Across the photographer-workflows survey (12 working photographers, 6 portrait + 6 landscape), the single highest-recurrence gap was batched per-region adjustment — 7/12 photographers reach for it as a load-bearing technique. Variants:

  • Dodge and burn on a face — Aaron Nace, Sean Tucker, Lindsay Adler — typically 5-15 small mask-bound exposure adjustments per portrait, articulated by photographers as one move ("I'm sculpting the face"), not 12.
  • Dodge and burn on a landscape — Nick Page, Marc Adamus, Serge Ramelli, Mike O'Leary — same shape: brighten the foreground rocks, deepen the cloud shadows, lift the catchlight on water, all as one cohesive sculpting pass.
  • Eye-region contrast lift (portrait) — separate +exposure on each iris + selective sharpening on lashes + slight saturation lift on iris color — articulated as "fix the eyes," produced as 3-5 calls.
  • Skin spot harmonization — small per-region color shifts on a half-dozen patches, articulated as "even out the skin," produced as 5-10 calls.
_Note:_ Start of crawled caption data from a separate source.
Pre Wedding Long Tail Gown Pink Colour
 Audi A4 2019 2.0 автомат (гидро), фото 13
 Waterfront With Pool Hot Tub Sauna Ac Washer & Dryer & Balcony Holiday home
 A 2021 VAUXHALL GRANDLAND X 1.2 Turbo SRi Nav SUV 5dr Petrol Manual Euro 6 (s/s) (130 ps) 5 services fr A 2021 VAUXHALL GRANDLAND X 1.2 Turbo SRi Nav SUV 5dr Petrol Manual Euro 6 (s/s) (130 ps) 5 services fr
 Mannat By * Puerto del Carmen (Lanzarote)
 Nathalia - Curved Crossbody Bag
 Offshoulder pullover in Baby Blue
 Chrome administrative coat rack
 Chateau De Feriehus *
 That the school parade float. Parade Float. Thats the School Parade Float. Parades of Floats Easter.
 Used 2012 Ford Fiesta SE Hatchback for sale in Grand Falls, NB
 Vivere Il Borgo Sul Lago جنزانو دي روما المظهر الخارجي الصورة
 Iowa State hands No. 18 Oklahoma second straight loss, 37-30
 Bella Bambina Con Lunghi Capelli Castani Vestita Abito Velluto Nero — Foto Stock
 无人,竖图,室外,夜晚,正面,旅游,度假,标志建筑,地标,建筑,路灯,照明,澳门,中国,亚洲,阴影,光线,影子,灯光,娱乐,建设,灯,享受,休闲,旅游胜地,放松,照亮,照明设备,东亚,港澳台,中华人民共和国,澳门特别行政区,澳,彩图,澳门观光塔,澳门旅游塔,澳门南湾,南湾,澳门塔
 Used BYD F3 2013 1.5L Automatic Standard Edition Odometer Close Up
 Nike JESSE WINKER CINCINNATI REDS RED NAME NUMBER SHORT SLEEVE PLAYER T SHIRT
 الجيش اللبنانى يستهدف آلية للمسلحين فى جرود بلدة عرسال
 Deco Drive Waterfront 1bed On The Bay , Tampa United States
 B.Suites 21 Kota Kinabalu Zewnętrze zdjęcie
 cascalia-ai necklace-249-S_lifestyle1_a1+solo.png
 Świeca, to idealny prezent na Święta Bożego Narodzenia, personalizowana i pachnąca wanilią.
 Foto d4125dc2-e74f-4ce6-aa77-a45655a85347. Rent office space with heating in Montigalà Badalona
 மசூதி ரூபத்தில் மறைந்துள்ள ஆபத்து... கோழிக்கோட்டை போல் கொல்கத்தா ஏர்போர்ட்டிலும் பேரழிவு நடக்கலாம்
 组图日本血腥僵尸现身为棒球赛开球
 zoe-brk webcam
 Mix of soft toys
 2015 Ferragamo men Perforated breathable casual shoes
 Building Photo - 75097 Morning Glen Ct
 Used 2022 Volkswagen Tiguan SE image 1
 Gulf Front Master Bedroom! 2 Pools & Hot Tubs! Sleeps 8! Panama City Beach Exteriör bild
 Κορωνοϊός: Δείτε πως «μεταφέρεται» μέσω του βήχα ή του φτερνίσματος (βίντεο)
Today each region is a separate apply_primitive(image_id, primitive_name, mask_spec=...) call. For a typical portrait dodge-and-burn pass, the agent emits 5-15 such calls back-to-back. This works, but it produces:

  1. Snapshot churn — 5-15 snapshots in the per-image content-addressed object store for what photographers conceive of as one move. log becomes unreadable; diff between two coherent edit states crosses 12 hops of intermediate gibberish.
  2. Agent reasoning noise — the agent has to reason about each region as an independent decision and re-establish the "this is a coherent dodge/burn pass" framing each turn. The framing is lost.
  3. Cost overhead — N MCP turns instead of 1; N prompt-context refreshes; N tool-result formatting passes.
  4. Verbosity in vocabulary-patterns.md — every pattern doc that uses dodge/burn has to describe the N-call manual workflow.

The wire is right; the ergonomics aren't. What's the right surface for "this is one move with internal structure"?

Use cases

Concretely, the agent should be able to express each of these as a single coherent move:

  • Portrait dodge-and-burn (Nace 6-step workflow, Step 5): brighten cheekbones, brighten nose-bridge highlight, brighten brow ridge, deepen jaw, deepen temple shadow, deepen under-eye recess. 6 regions, all exposure op, mixed signs.
  • Landscape dodge-and-burn (Page luminosity-mask workflow): lift foreground rocks (+0.3 EV), lift water highlights (+0.2 EV), deepen cloud shadows (-0.4 EV), deepen frame edges (-0.2 EV). 4 regions, exposure op, mixed signs.
  • Eye-region detail lift (Adler 3-step retouch): +exposure on each iris; +sharpening on each lash region; +saturation on each iris color. 3 ops × 2 regions = 6 calls collapsed into 1 batched move.
  • Skin spot harmonization (Woloszynowicz Skin Tone uniformity workaround): selective hue/sat shifts on 5-8 small mask-bound regions in the orange-skin band. Same op, varying parameters.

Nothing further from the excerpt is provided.